→ ACTIVITY: All lines below starting at the one that holds "Hey there. Tonight" and ending at the one that holds "G'day all, how" should be printed exactly, ends included. Pictures should not be printed, nor anything else.

→ RECORDS SHOWN:
'''

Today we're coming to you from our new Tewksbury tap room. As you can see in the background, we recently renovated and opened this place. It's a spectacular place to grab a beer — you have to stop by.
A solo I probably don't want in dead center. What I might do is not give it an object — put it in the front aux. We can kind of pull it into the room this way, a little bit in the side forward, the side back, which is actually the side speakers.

'''
'''

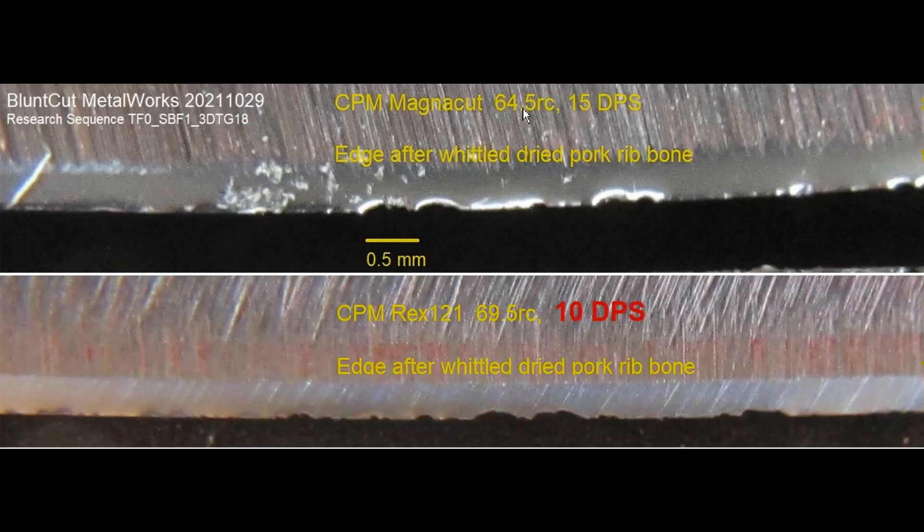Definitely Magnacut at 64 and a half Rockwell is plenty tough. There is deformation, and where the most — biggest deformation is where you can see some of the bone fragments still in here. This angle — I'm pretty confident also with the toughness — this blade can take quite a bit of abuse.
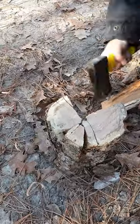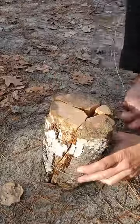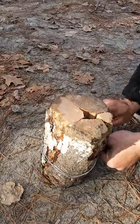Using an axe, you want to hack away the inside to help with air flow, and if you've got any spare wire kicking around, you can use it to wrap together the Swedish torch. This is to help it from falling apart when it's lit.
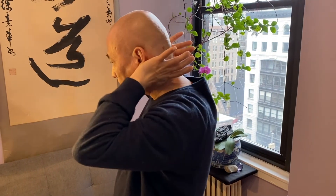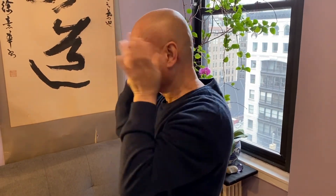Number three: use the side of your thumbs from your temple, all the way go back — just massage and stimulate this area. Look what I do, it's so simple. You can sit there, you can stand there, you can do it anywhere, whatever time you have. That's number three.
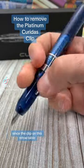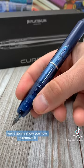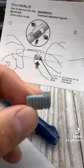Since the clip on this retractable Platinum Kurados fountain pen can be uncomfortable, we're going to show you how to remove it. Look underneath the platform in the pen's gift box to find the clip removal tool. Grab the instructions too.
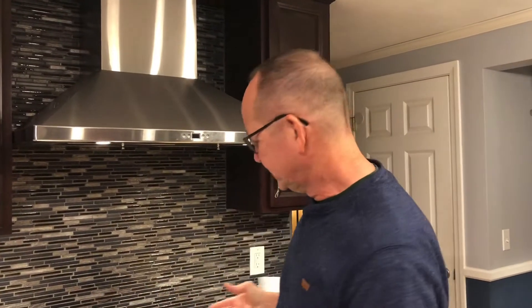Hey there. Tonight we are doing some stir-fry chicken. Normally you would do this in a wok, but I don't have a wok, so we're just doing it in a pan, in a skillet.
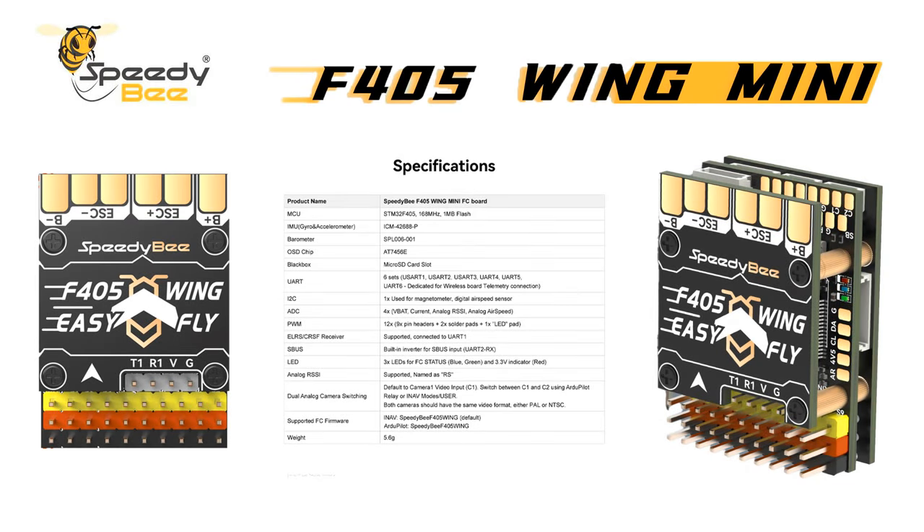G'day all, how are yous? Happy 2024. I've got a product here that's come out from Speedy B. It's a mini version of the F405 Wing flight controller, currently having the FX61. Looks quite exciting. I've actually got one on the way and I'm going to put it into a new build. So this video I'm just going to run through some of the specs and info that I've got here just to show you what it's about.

'''

→ OUTPUT:
Hey there. Tonight we are doing some stir-fry chicken. Normally you would do this in a wok, but I don't have a wok, so we're just doing it in a pan, in a skillet.
G'day all, how are yous? Happy 2024. I've got a product here that's come out from Speedy B. It's a mini version of the F405 Wing flight controller, currently having the FX61. Looks quite exciting. I've actually got one on the way and I'm going to put it into a new build. So this video I'm just going to run through some of the specs and info that I've got here just to show you what it's about.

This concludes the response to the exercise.